Thanks for talking about getting along vs loving. A parent may not get along with a child, but does that necessarily mean that they don't love them? I agree that the blogger went way too far when she talked about death and birth. But it doesn't seem to me that she understands that there is a difference between liking and loving. You may not like your children equally, but IMO this does not necessarily translate into loving unequally.
Here's my deal with it – if she had no other outlet, nobody she felt safe talking to, why didn't she write it anonymously?
& while there is personal responsibility on her part, I am OUTRAGED that Babble allowed it to be posted. We'll never know if they actually stepped in & attempted to temper some of her sentences, but why give her that platform to publish it?
Furthermore, I can say with absolute certainty that you CAN fix a broken bond. I never had that "aha!" moment after birth. I spent a year clawing my way out of the muck of postpartum depression. I know that my son suffered for it & I did, too. But 18 months later, we have a healthy, thriving relationship that is thanks to his resilience & my hard work.
I just hope that she can understand that all hope is not lost for her & her daughter.

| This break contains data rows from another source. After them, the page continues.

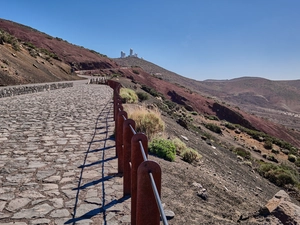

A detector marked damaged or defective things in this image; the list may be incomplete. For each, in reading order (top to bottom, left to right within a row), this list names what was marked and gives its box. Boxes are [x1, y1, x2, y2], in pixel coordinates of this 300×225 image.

rusty metal railing [108, 80, 169, 224]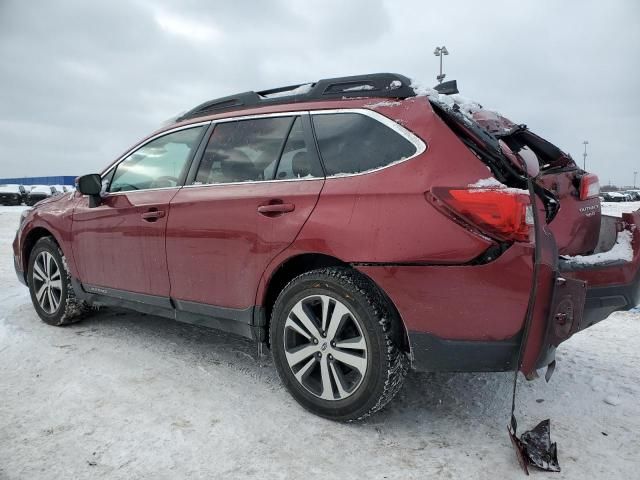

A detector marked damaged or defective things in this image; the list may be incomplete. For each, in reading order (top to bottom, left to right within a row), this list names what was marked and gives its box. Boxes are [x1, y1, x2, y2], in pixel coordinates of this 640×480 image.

broken tail light [580, 172, 600, 201]
broken tail light [430, 187, 536, 242]
damaged red suv [12, 74, 636, 420]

Applause to Katherine for this great post and also to Romy for that AMAZING comment. I agree completely and this is not the first major lapse of judgment by the editors/owners of that particular website.
Love can be a difficult word to understand when dealing with parenthood, especially if mental illness is involved. This is what I thought of right away. She never said she didn't love her son. She does.

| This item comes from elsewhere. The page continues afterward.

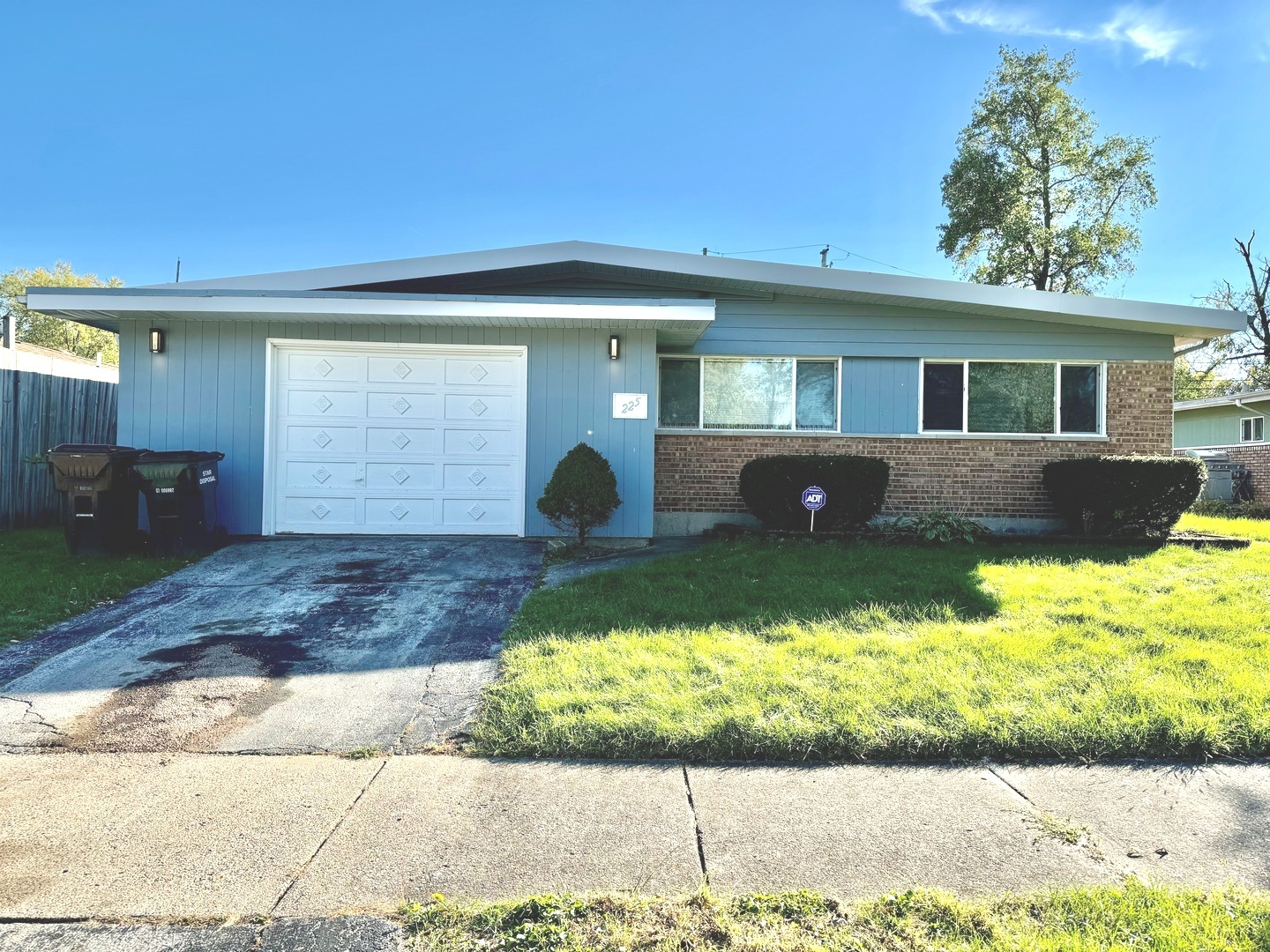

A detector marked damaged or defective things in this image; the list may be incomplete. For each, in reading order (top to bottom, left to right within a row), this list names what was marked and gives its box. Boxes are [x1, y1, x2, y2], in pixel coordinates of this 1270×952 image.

cracked concrete [0, 539, 540, 755]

"I Love You the Purplest"…
There is a children's book called "I Love You the Purplest." I used it in my classroom to teach creative writing. Two boys ask their mother who she loves the most. She answers them metaphorically saying, "I love you the reddest." and the other "I love you the bluest." I had a student at the time (legally blind if you can believe it) who was the one who realized red and blue make purple. Anyhow, this post made me think of this because we all love our children. Love is abstract and metaphorical and different and hard to explain at times and that is okay. I highly recommend any mother reading this book. It's just beautiful. This mother, getting the backlash, is looking for some love and reassurance. Thank you, Katherine for giving that to her.
Love is a decision you make every single day. It's a commitment, not a feeling.
Who among us hasn't looked at our partner at one time or another and thought, "Ugh"?
But when you make a commitment to love, you get past those "ugh" moments and you plow through.
It's the same with our kids.
I wish society focused more on the agape-type committed love and less on the romantic ideal (including mother/baby "bliss"), because then maybe this mother wouldn't feel so much anguish.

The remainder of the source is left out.